Suite aux accidents mortels survenus la semaine passée sur le boulevard des Tansoaba ou Circulaire à Ouagadougou, nombre de personnes se demandent ce que sont devenues les textes qui interdisent la circulation des véhicules poids lourds en ville à certaines heures.
Oui, cette réglementation est assurée par le Raabo n°1677 portant réglementation de la circulation et du stationnement des véhicules poids lourds dans la ville de Ouagadougou. C’est une réglementation qui date de 1989 et il faut dire qu’à cette période les voies qui étaient réglementées ne sont plus les mêmes et par conséquent ce texte est dépassé. Quand vous prenez la Circulaire qui a été réglementée comme une voie de contournement pour les véhicules poids lourds et semi-remorques, elle se trouve maintenant en ville. Alors qu’avant c’était une voie de contournement qui était hors de la ville. Les usagers l’empruntaient sans danger pour les habitants. La réalité est que le texte est en déphasage avec les voies routières de la ville de Ouagadougou. Il y a lieu de relire ce texte, et au-delà aménager une autre voie de contournement.
Y a-t-il d’autres dispositions à prendre dans ce sens?

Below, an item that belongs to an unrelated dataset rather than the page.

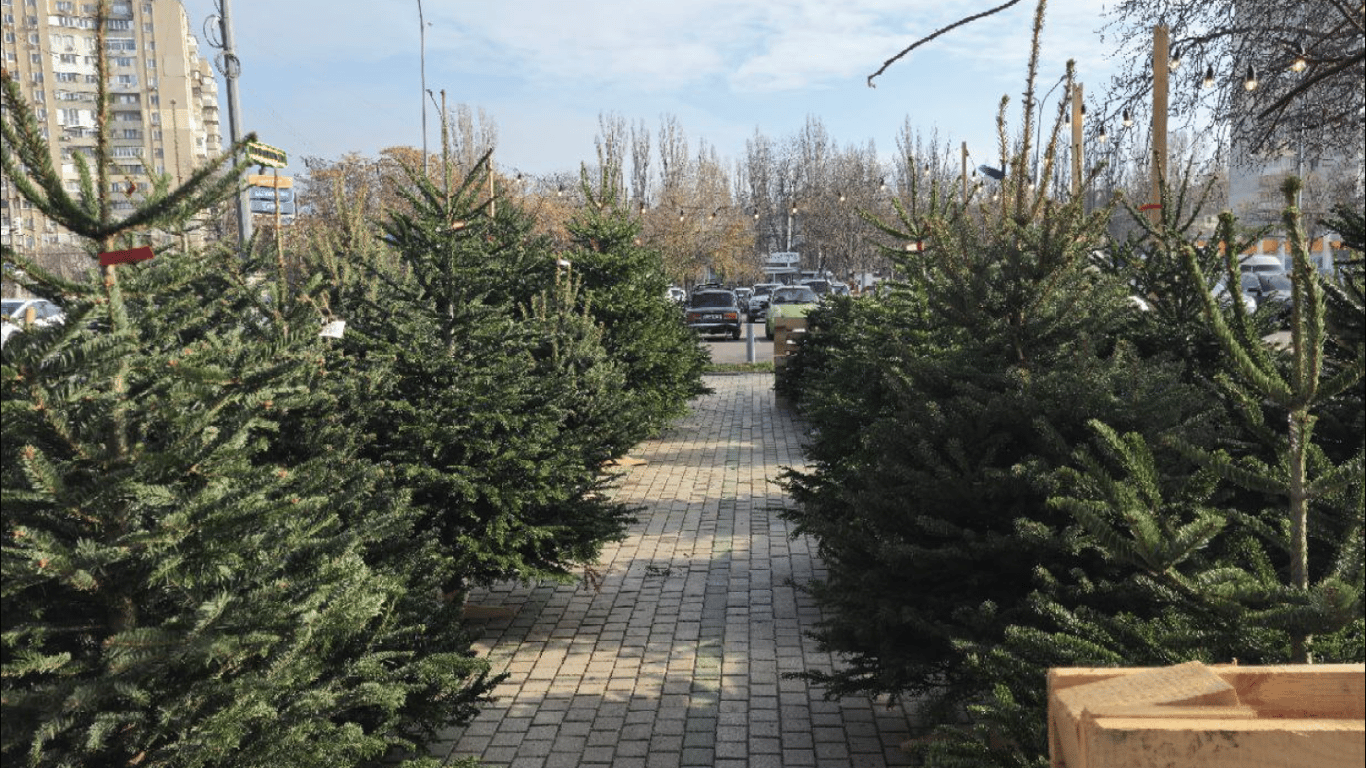 Куда в Одессе сдать елку — полный список адресов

En plus, il est nécessaire de faire une aire de parking pour ces véhicules. Quand ils quittent Ouaga-inter, ils n’ont pas d’endroit pour se garer et c’est pour cela, ils vont dans certains lieux non appropriés. Par ailleurs, nous sommes en situation de journée continue, les heures de pointe fixées par ce texte ne sont plus les mêmes. Dans le texte de 1989, la circulation autorisée pour les semi-remorques c’est de 18 h à 5 h du matin et pour les poids lourds de 8 h 30 à 9 h, de 13 h à 14 h 30, de 16 h à 17 h 30, de 18 h à 5 h du matin. Or avec la journée continue, il y a un déplacement des heures de pointe de 16 h jusqu’à 19 h. Il y a donc lieu de tenir compte de cela pour réglementer la circulation dans la ville de Ouagadougou. La coordination avec les services des Douanes aussi pose problème. La Douane travaille en fonction des heures réglementaires. Cela veut dire qu’au-delà de la fin de la journée continue la Douane ne travaille pas. Elle libère les véhicules à partir de 16 h. Les magasins étant en centre-ville, après l’attente à la Douane le souci du commerçant c’est de voir sa marchandise dans son magasin. Il force donc la circulation et cela crée beaucoup de problèmes avec la Police municipale.
A votre avis qu’est ce qui peut être fait pour réduire, sinon mettre fin à des accidents comme ceux de la semaine écoulée?
Les actions de la police sont basées sur la réglementation. Tant que la réglementation n’est pas revue, la police ne peut rien. L’on ne peut pas dire aux véhicules de ne pas circuler. Sur quelle base légale le ferait-on ? Nous disons que la base légale existante est carrément dépassée. Elle date de 1989 et nous sommes en 2017. Les voies qui ont été réglementées par ces textes ont été rebaptisées. Il faut donc revoir les textes et les adapter aux réalités du moment.
Pour parler d’autre chose, certains de vos éléments au cours d’un mouvement, il y a quelques jours, ont demandé le rehaussement du niveau de recrutement…
C’est une situation regrettable. Le maire a cette volonté de rehausser le niveau de recrutement à la Police municipale. C’est dans ce sens qu’il a bien voulu organiser un concours professionnel et un concours direct. Les autres corps ont relevé le niveau de recrutement à la base qui est passé du CEPE au BEPC. C’est pour cela que les éléments ont voulu la même chose à la Police municipale. La situation est que l’autorité n’était pas préparée pour cela. Pour le faire, il faut revoir le budget, relire les textes… Mais je pense qu’elle est en discussion avec eux pour trouver une solution qui arrange tout le monde. Nous demandons aux agents de comprendre, le maire vient d’arriver. Il a cette volonté et l’a affirmée et il s’est même dit disponible et engagé pour cela. Mais étant donné qu’il a besoin d’effectif, les agents doivent comprendre et permettre qu’il recrute en attendant les années à venir pour le problème de reclassement. C’est une nécessité, le niveau des policiers doit être relevé pour faire face aux défis sécuritaires et être disponibles pour rendre services aux populations.